How to Get a Personal Loan

A personal loan is a type of financing you can obtain from banks, credit unions, and online lenders.

Personal loans are term loans, meaning you borrow a lump sum up front with a fixed rate, then you pay back fixed monthly payments for the loan term which usually ranges from two to seven years.

No matter the reason why you might want a personal loan, the process of getting one doesn’t need to be complicated.

How do you take out a personal loan?

There are multiple ways that you can take out a personal loan. A common option is using an online lender.

Taking out a personal loan online

Online lenders tend to make it easy to apply for a personal loan. In some cases, you may be able to receive the funds directly into your bank account as soon as the same day.

Furthermore, most online lenders will first do a soft credit inquiry to see if you are pre-approved, allowing them to show you estimated loan offers and interest rates. If you see an offer you like, you can then start the full application process for final approval.

Taking out a personal loan from banks or credit unions

There are other personal loan options as well, including banks and credit unions. If you work with a traditional bank, you may have to go in person to get the loan, though some offer online loan applications as well.

Similar to the process with online companies, make sure to compare options from multiple banks or credit unions to ensure you find a loan with low rates.

What do you need to get approved for a personal loan?

Most personal loans are unsecured, meaning you don’t need collateral to get approved.
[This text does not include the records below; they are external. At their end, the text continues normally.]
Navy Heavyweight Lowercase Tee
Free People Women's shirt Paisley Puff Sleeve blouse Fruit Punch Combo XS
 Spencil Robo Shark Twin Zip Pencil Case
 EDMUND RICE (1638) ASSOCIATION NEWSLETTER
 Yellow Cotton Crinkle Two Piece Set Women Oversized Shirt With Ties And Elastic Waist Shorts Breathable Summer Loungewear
How your credit impacts your application

The first step in the process usually involves checking your credit report. Even if your credit check shows your credit history isn’t perfect, you may still be approved, but you likely won’t be eligible for the lowest possible interest rates.

In fact, you may want to check your credit score before you even start applying for a personal loan. That way, you will know what type of personal loan you should be looking for. Most lenders have minimum credit score requirements and there are lenders for people with good, fair, or bad credit.

If you don’t qualify for a personal loan because of your credit score, you might then apply for a secured loan requiring collateral. Another option would be applying with a co-signer.

How existing debt impacts your application

If you have existing debt—especially credit card debt that you don’t plan to pay off with your personal loan—it’s going to affect your chances of getting a personal loan.

Lenders look at your credit utilization rate, and it’s also a big factor in your credit score. If lenders see that you already have a lot of other debt that requires payments, they may be wary of lending you money thereby putting you more in debt.

Additional documents you’ll need

Most lenders will also ask for some personal loan documentation during the application process.

This could include identification, such as a passport or driver’s license; proof of income, such as your W-2s, pay stubs, tax returns; and proof of assets, such as your bank statements. You may also have to verify your address and submit your social security number.

How long does it take to get approved for a personal loan?

The time it takes to get approved for a personal loan varies on the lender. If you apply for an online loan, they may issue an instant decision and your loan may be disbursed directly into your bank account as soon as the same day.

Getting your personal loan can take longer at a traditional financial institution. It may take several days for an approval to be issued, and even longer for the funds to be disbursed.

Before accepting a personal loan, consider the fine print. For example, are there loan origination fees, prepayment penalties, or other hidden fees?

Bottom Line

An unsecured personal loan can be a good financing option if you’ve run into an unexpected expense or have a large purchase to fund.

It is important to compare the best personal loans before making a decision to see if you could be approved for a lower interest rate somewhere else.